By default, very restrictive parameters are applied to the root directory (/), using the Options and AllowOverride directives. Under this configuration, any directory on the system which needs more permissive settings has to be explicitly given those settings.
In the default configuration, another Directory container is configured for the DocumentRoot which assigns less rigid parameters to the directory tree so that the Apache HTTP Server can access the files residing there.
The Directory container can be also be used to configure additional cgi-bin directories for server-side applications outside of the directory specified in the ScriptAlias directive
To accomplish this, the Directory container must set the ExecCGI option for that directory.
For example, if CGI scripts are located in /home/my_cgi_directory, add the following Directory container to the httpd.conf file:

<Directory /home/my_cgi_directory>
    Options +ExecCGI
</Directory>

Next, the AddHandler directive must be uncommented to identify files with the .cgi extension as CGI scripts.

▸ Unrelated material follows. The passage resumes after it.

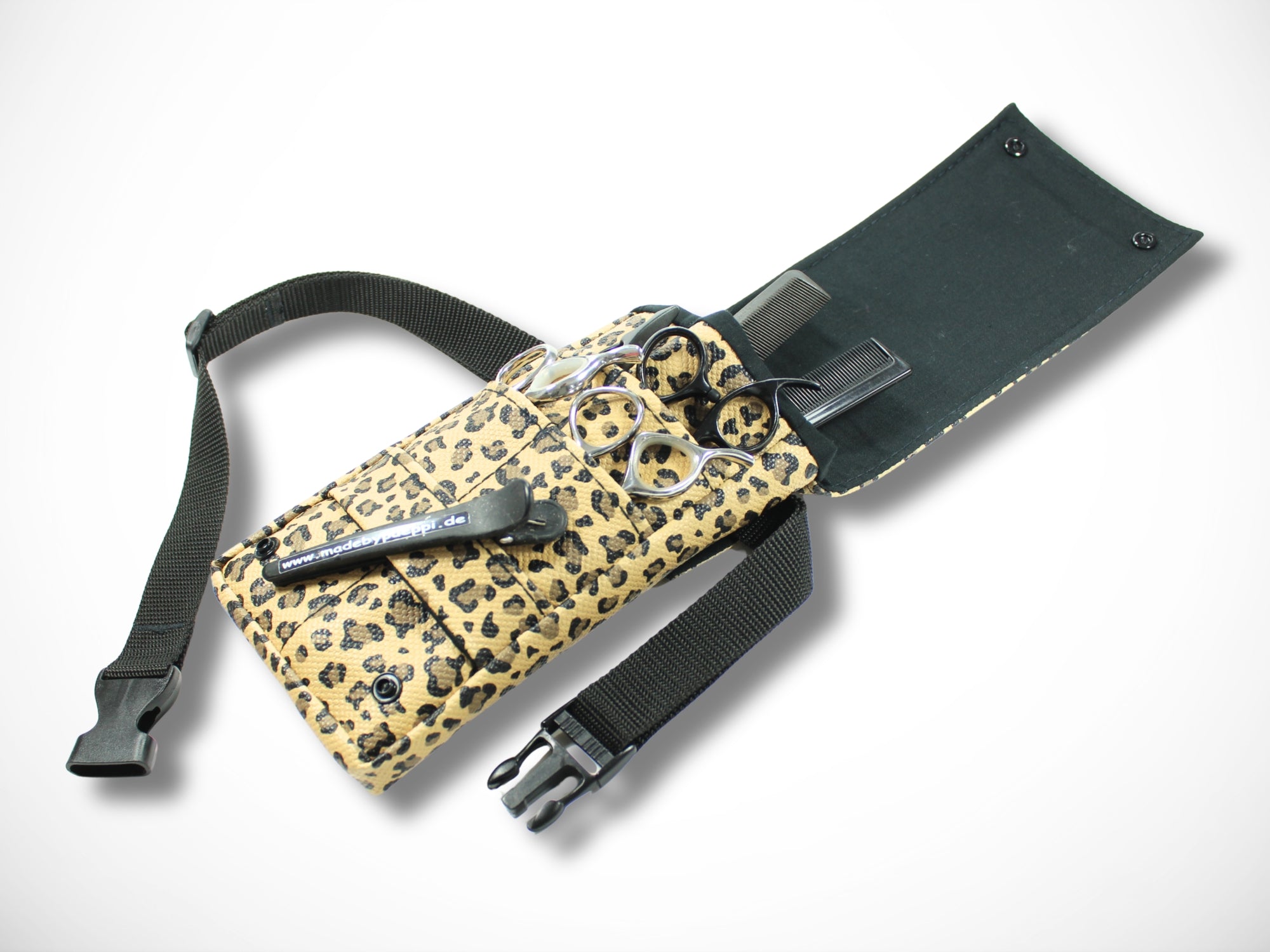 Kleine Friseur Werkzeugtasche im Leopard Design für Friseurscheren und Friseurwerkzeug im Friseursalon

For this to work, permissions for CGI scripts, and the entire path to the scripts, must be set to 0755.
Options
The Options directive controls which server features are available in a particular directory. For example, under the restrictive parameters specified for the root directory, Options is set to only FollowSymLinks. No features are enabled, except that the server is allowed to follow symbolic links in the root directory.

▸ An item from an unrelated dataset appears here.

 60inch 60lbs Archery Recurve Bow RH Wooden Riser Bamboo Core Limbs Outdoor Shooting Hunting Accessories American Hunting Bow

By default, in the DocumentRoot directory, Options is set to include Indexes and FollowSymLinks. Indexes permits the server to generate a directory listing for a directory if no DirectoryIndex (for example, index.html) is specified. FollowSymLinks allows the server to follow symbolic links in that directory.
AllowOverride
The AllowOverride directive sets whether any Options can be overridden by the declarations in an .htaccess file. By default, both the root directory and the DocumentRoot are set to allow no .htaccess overrides.
Order
The Order directive controls the order in which allow and deny directives are evaluated. The server is configured to evaluate theAllow directives before the Deny directives for the DocumentRoot directory.
Allow
Allow specifies which client can access a given directory. The client can be all, a domain name, an IP address, a partial IP address, a network/netmask pair, and so on. The DocumentRoot directory is configured to Allow requests from all, meaning everyone has access.
Deny
Deny works similar to Allow, except it specifies who is denied access. The DocumentRoot is not configured to Deny requests from anyone by default.
UserDir
UserDir is the subdirectory within each user's home directory where they should place personal HTML files which are served by the Web server. This directive is set to disable by default.

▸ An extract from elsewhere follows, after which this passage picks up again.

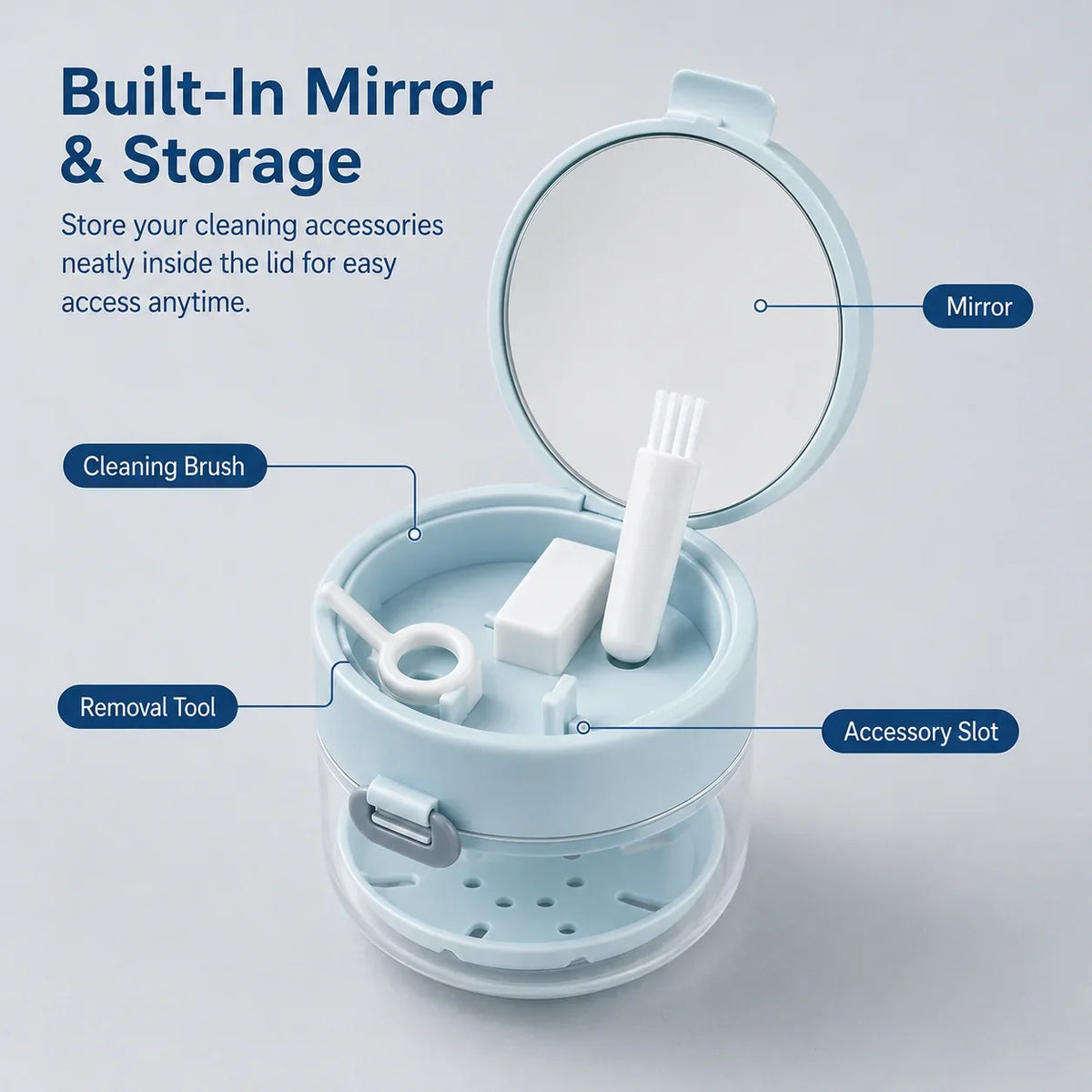 Space-Saving 3-in-1 Leak-Proof Retainer Cleaning Case with Mirror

The name for the subdirectory is set to public_html in the default configuration. For example, the server might receive the following request:
http://example.com/~username/foo.html
The server would look for the file:
/home/username/public_html/foo.html
In the above example, /home/username/ is the user's home directory (note that the default path to users' home directories may vary).
Make sure that the permissions on the users' home directories are set correctly. Users' home directories must be set to 0711. The read (r) and execute (x) bits must be set on the users' public_html directories (0755 also works). Files that are served in a users'public_html directories must be set to at least 0644.
DirectoryIndex
The DirectoryIndex is the default page served by the server when a user requests an index of a directory by specifying a forward slash (/) at the end of the directory name.
When a user requests the page http://example/this_directory/, they get either the DirectoryIndex page if it exists or a server-generated directory list. The default for DirectoryIndex is index.html and the index.html.var type map. The server tries to find either of these files and returns the first one it finds. If it does not find one of these files and Options Indexes is set for that directory, the server generates and returns a listing, in HTML format, of the subdirectories and files within the directory, unless the directory listing feature is turned off.
AccessFileName
AccessFileName names the file which the server should use for access control information in each directory. The default is.htaccess.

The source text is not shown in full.